Both trends are changing. As data has grown in abundance, it has led to more robust ESG indexes and an increase in availability across asset classes and strategies. And now there are sustainable funds for virtually every portfolio and objective. Since 2016, the number of sustainable ETFs has nearly doubled, from 51 to 95 (source: BlackRock as 8/30/20). At iShares, we have 26 Sustainable ETFs that offer investors a range of choices to help meet their needs and goals.

Under the hood with iShares sustainable ETFs

When it comes to ESG solutions, there are two common approaches. The first is to remove companies with controversial business activities that have elevated sustainability risks or that do not align with investors preferences. The second is to incorporate ESG research to increase your exposure to companies better suited to manage sustainability risks. In that latter approach, the investor may seek a similar risk and return as the relevant broad market or is focused on the potential return opportunities presented by companies with higher ESG scores.

ESG Screened ESG Aware ESG Advanced
Seek to eliminate exposure to areas that pose sustainability-related risks or do not align with an investor’s preferences. Balance seeking a similar risk and return to the relevant broad market with seeking a more sustainable outcome. Prioritize higher ESG-rated companies while extensively screening out controversial industries.

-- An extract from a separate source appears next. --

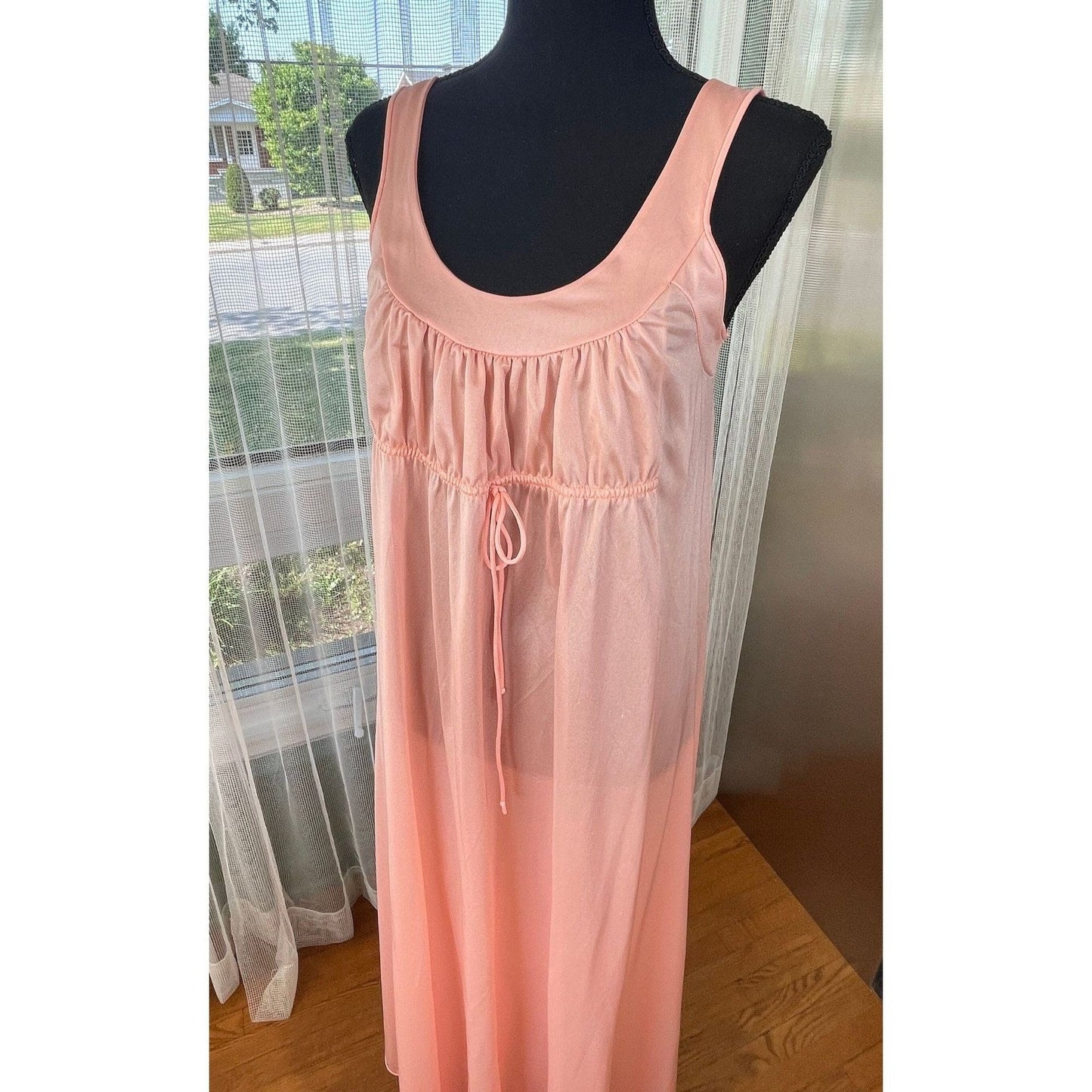 Vintage 80s night dress, peach sleeveless negligee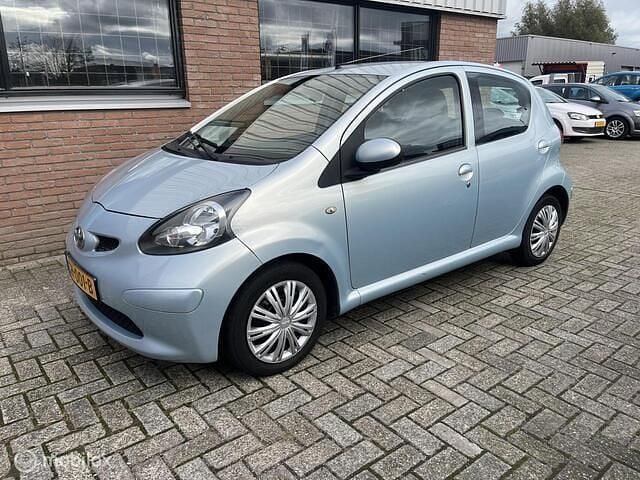Blauw Gebruikt 2005 Toyota Aygo Hatchback | € 1.999 (Eerlijke prijs) - Afbeelding 1/4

Our latest addition to our ESG suites are the ESG Screened ETFs, whose indexes are built off of flagship S&P indexes. These indexes are designed to remove companies with specific levels of involvement in controversial business areas by applying screens, like fossil fuel reserves and revenue from thermal coal, oil sands and shale energy, as well as tobacco and controversial weapons.1 This can help investors minimize potential risks in their portfolio, or simply avoid companies based on preferences.

The ESG Screened funds complement our existing set of funds, the ESG Aware and ESG Advanced suites. While the underlying indexes of the ESG Screened funds are designed to eliminate controversial industries, the underlying indexes of the ESG Aware funds apply ESG research to select securities that target a similar risk and return to the broad market while seeking a more sustainable outcome. The underlying indexes of the ESG Advanced funds prioritize higher rated ESG-companies, while extensively screening out controversial activities.

Summing it up

Earlier this year, we forecasted that $1 trillion would flow into sustainable indexed funds and ETFs by 2030.2 We identified four main drivers of that growth: recognition that sustainability influences risk and return; better data leading to better indexes; lower investing costs; and more choices.

The surge in flows underscores changing investor preferences and a growing conviction in companies that may be better positioned to manage sustainability-related risks. The ESG Screened funds round out the choices for investors. No matter your objective, iShares’ platform of choice is providing investors the ability to put sustainability at the core of their portfolios.